La soluzione interpretativa proposta dall’atto di indirizzo fa leva sull’avverbio «specificamente» contenuto nella definizione di credito inesistente. In particolare, l’atto d’indirizzo ritiene che i requisiti oggettivi «specificamente indicati nella disciplina normativa di riferimento» siano quelli contenuti nella normativa primaria istitutiva del credito, nonché nelle disposizioni secondarie espressamente richiamate dalla quelle primarie, mentre eventuali ulteriori fonti di dettaglio, come ad esempio manuali tecnici, non assumono rilevanza ai fini del giudizio di inesistenza del credito salvo che la normativa primaria o secondaria operi un rinvio “specifico” a tali fonti.
Coerentemente con la delimitazione in questione della nozione di credito inesistente, è credito non spettante quello per cui risultino carenti ulteriori elementi o qualità individuate dalle fonti tecniche di dettaglio non specificamente richiamate dalla normativa, primaria e secondaria, dell’agevolazione.
Seppure l’interpretazione delle disposizioni normative sia, nella pratica, inevitabilmente compenetrata dalle indicazioni provenienti da plurime «fonti di dettaglio» cui tali disposizioni non fanno necessariamente rinvio (basti pensare alle stesse circolari dell’amministrazione finanziaria), l’approccio adottato dall’atto d’indirizzo porta a risultati soddisfacenti in punto di certezza del diritto, ad esempio confinando chiaramente al fenomeno della «non spettanza» le contestazioni avanzate dagli uffici per l’asserita carenza dei requisiti tecnici previsti dai manuali Ocse per l’attività di ricerca e sviluppo, con importanti conseguenze sotto vari profili, dai termini di accertamento alle implicazioni sanzionatorie amministrative e penali.

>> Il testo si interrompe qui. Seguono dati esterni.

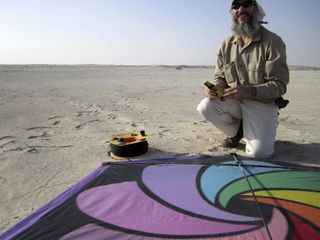 Nathan Craig preparing a kite for low-altitude photography of the elephant trackway site. The researchers mounted a pocket digital camera onto the kite, stitching the hundreds of pictures it took into a single large mosaic image that gave a broad overview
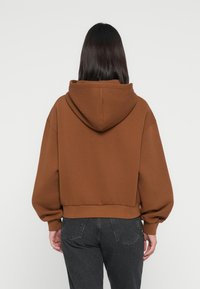 Brun hettegenser med en cropped design, ribbestrikket hem og vide ermer. Båret med mørkeblå jeans, sett fra baksiden.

Conseguenza non irrilevante della qualificazione di tali fattispecie come di non spettanza del credito attiene all’esimente sanzionatoria per il reato di indebita compensazione, prevista per i soli crediti non spettanti, qualora «anche per la natura tecnica delle valutazioni, sussistono condizioni di obiettiva incertezza in ordine agli specifici elementi o alle particolari qualità che fondano la spettanza del credito» (articolo 10-quater, comma 2-bis, del Dlgs 74/2000). Tale esimente potrà, dunque, trovare applicazione in tutte le situazioni di particolare complessità derivante dall’interpretazione delle «fonti di dettaglio» in questione, con una potenziale, significativa limitazione della punibilità dell’indebita compensazione.